Need For Speed will undergo a closed beta test for the Xbox One and PS4 in the near future. Origin users will eventually have an opportunity to participate as well, as EA and Ghost Games will host a beta ahead of the game's November release.

Destructoid detailed how the game sign-ups are currently open right now over on the official Need For Speed website. The sign-ups will be open up until September 25th, after which a lottery will be drawn and various members of the gaming community will be selected to beta test the game and presumably help provide EA and Ghost Games with feedback and data on the server stress to ensure that the always-on DRM holds up for launch day, something that didn't go over so well with games like Diablo III and SimCity.

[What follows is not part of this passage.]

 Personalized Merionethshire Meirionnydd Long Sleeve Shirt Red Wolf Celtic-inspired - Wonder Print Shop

While the official website requires that you sign-up for an EA Network account and that you can only choose between participating in the Need For Speed closed beta for the Xbox One or PS4, one of the users in the comment section mentioned that Origin is hosting a separate beta test for PC users. You're not forever alone.

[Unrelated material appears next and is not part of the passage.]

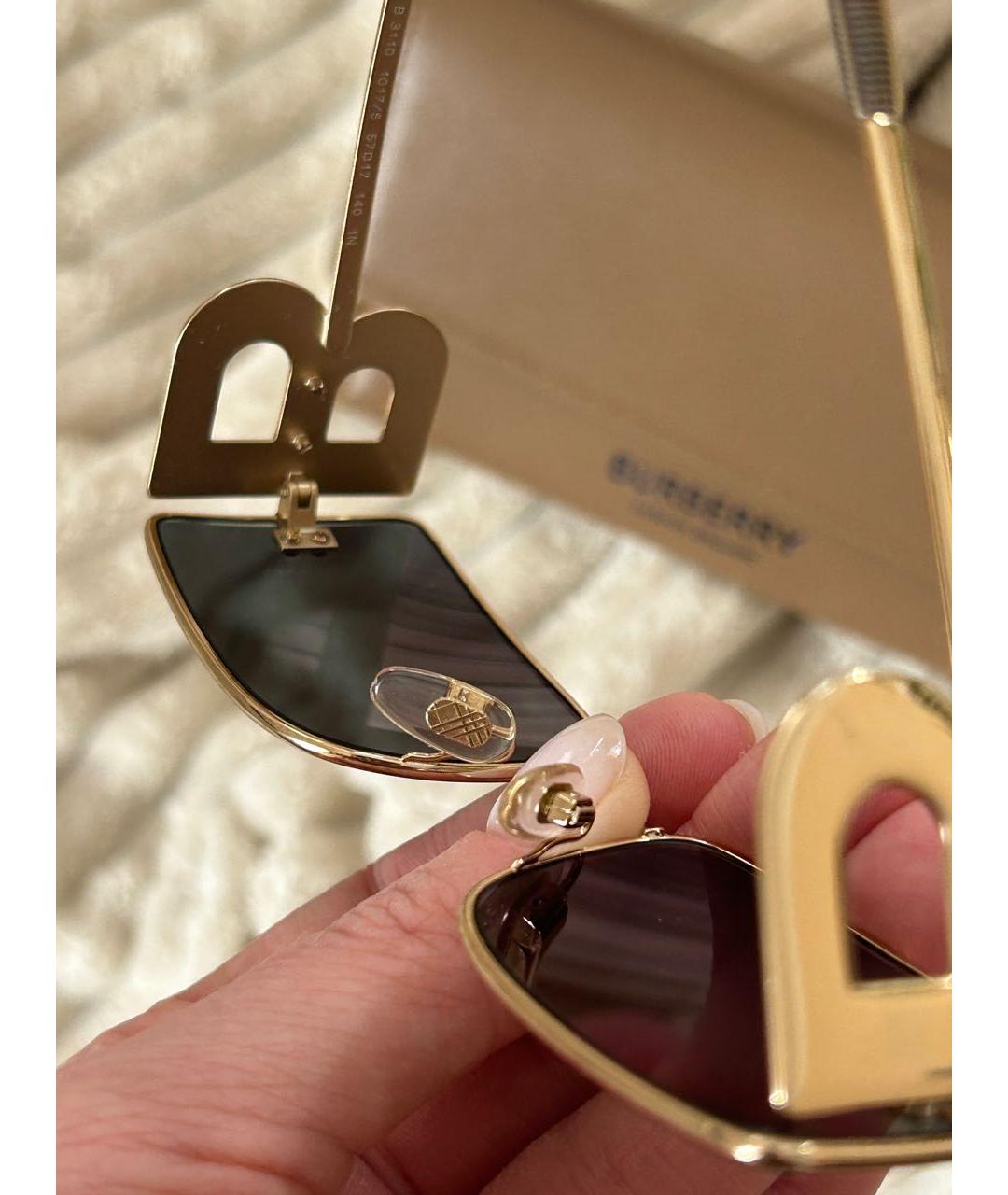 BURBERRY Зеленые металлические солнцезащитные очки, фото 5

Brian mentions that for the PC version of the game if you have an Origin account simply log in and at the top where it has your account and privacy information you can select the Game Tester Program where Need For Speed is listed. It's a little bit like the Steam beta program that you can sometimes opt into with select games by going into the properties and selecting the beta test from the drop-down menu.

There's no guarantee that anyone who signs up will actually make it into the closed beta, and historically most closed betas have very limited access for those who are eligible to participate.

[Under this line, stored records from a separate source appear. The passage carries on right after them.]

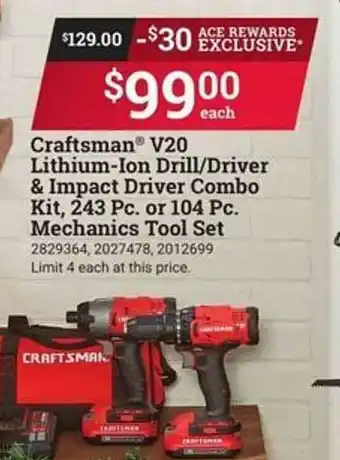 Ace Hardware Craftsman v20 lithium-ion drill-driver & impact driver combo kit 243 pc. or 104 pc mechanics tool set offer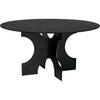 Noir Element Dining Table, Black Metal - Industrial Steel, 59"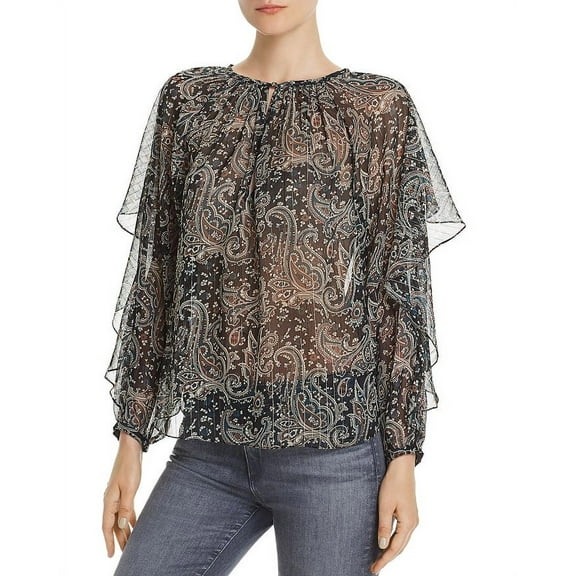 Joie CAVIAR Kriston Paisley Ruffle Chiffon Blouse, US X-Small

This is probably as much a promotional gig as it is an actual stress test. Games with always-on DRM are not to be trifled with when it comes to potential launch day issues – not having enough servers allocated for the load or having any sort of hiccup on the backend will likely result in a very poor experience for a lot of players.

Need For Speed has definitely received a fair amount of backlash for its always-on DRM but EA seems determined to keep moving forward with it.

The game itself is remarkably gorgeous and since it's running on DICE's Frostbite 3, you can see how the lighting and post-processing effects are just about top notch. In some segments the game almost looks just like real life, which is a testament to DICE's engineering prowess and Ghost Games' ability to utilize artists who can tap into and make the most out of the engine.

Need For Speed will feature a deep customization utility similar to the old Need For Speed: Underground games. There will also be a live-action component in the game that seamlessly intertwines with the actual gameplay, which is quite impressive.